START MATERIAL PROVIDED

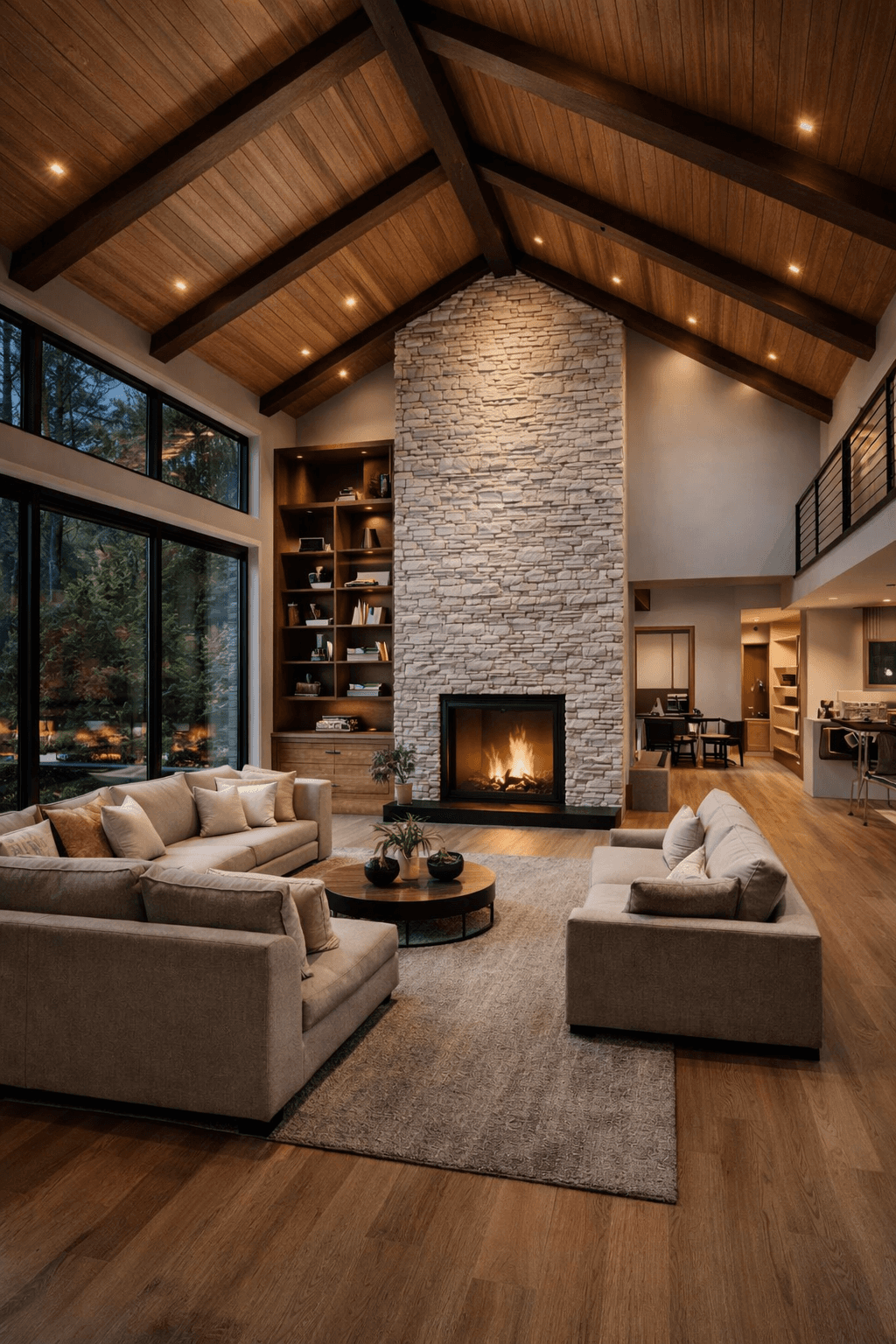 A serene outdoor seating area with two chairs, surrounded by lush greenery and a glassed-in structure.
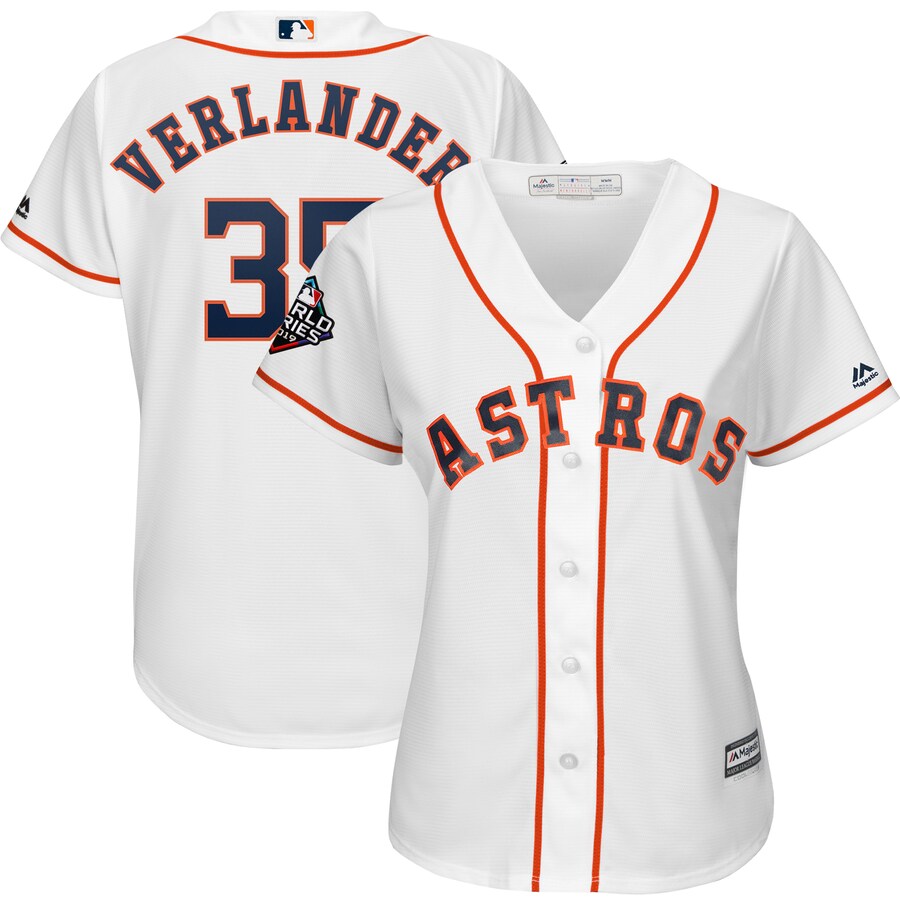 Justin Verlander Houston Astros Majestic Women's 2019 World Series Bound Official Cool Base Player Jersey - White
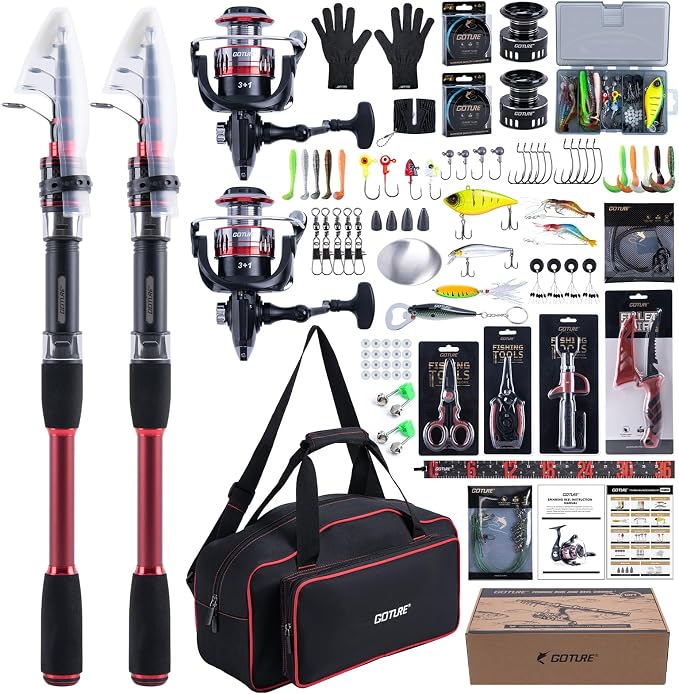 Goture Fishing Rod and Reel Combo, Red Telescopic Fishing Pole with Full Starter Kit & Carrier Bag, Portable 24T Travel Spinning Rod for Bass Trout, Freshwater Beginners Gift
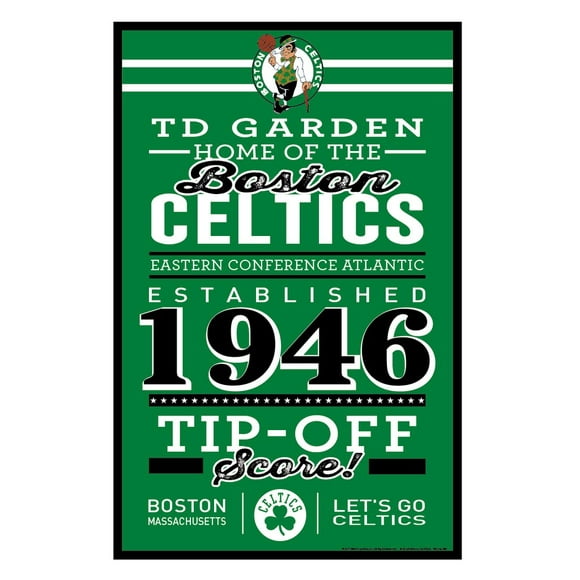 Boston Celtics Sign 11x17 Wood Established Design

END MATERIAL PROVIDED
START MATERIAL PROVIDED

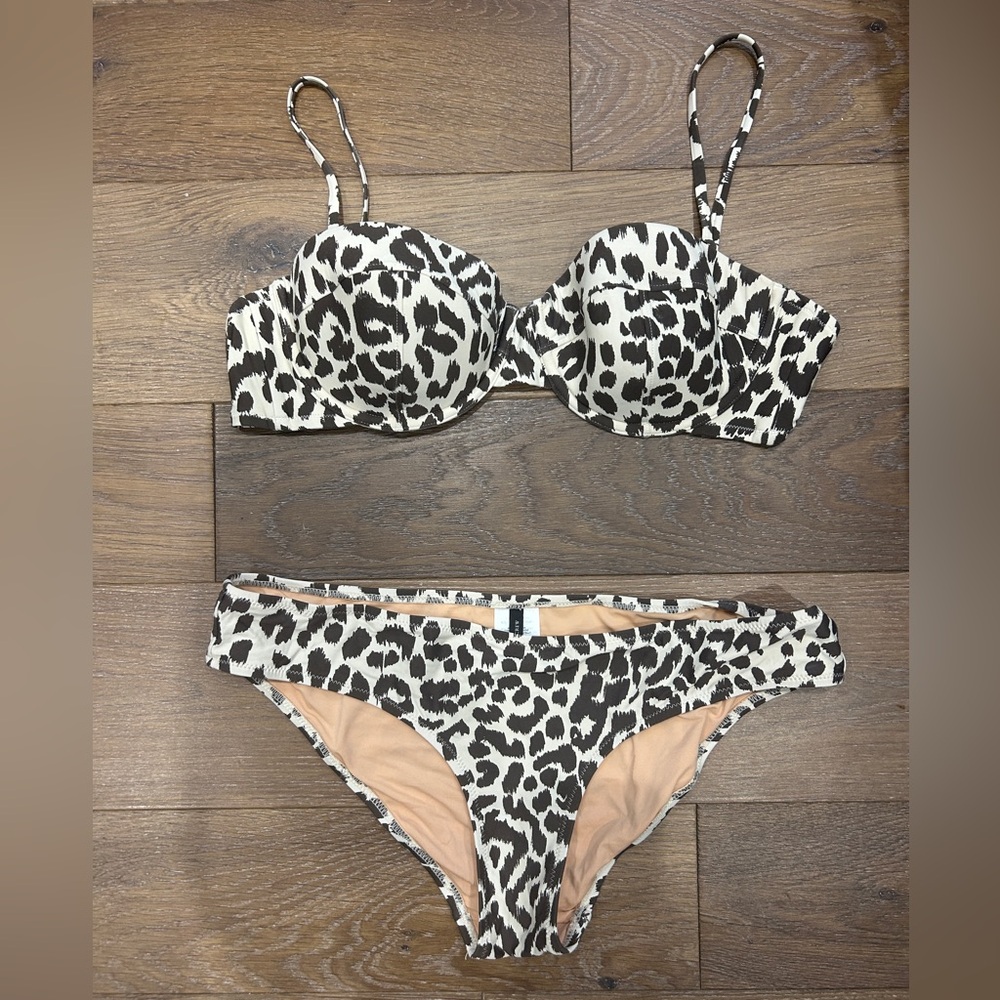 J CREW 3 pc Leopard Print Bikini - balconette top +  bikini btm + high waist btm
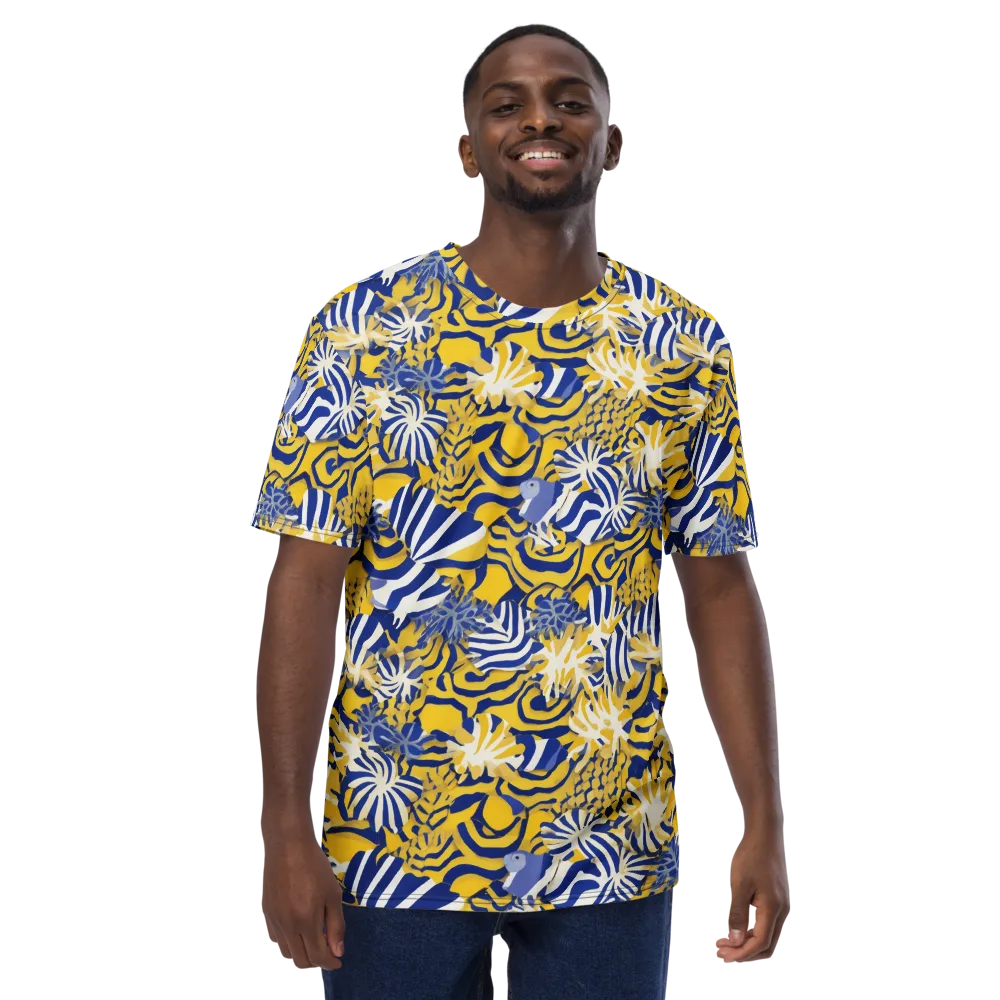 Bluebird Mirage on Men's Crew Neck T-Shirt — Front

END MATERIAL PROVIDED

• TASK DETAILS: With the pictures omitted, print the lines above exactly, beginning at the line with "Goture Fishing Rod" and going on through the line with "Boston Celtics Sign".

• ANSWER TO THE PROBLEM:
 Goture Fishing Rod and Reel Combo, Red Telescopic Fishing Pole with Full Starter Kit & Carrier Bag, Portable 24T Travel Spinning Rod for Bass Trout, Freshwater Beginners Gift
 Boston Celtics Sign 11x17 Wood Established Design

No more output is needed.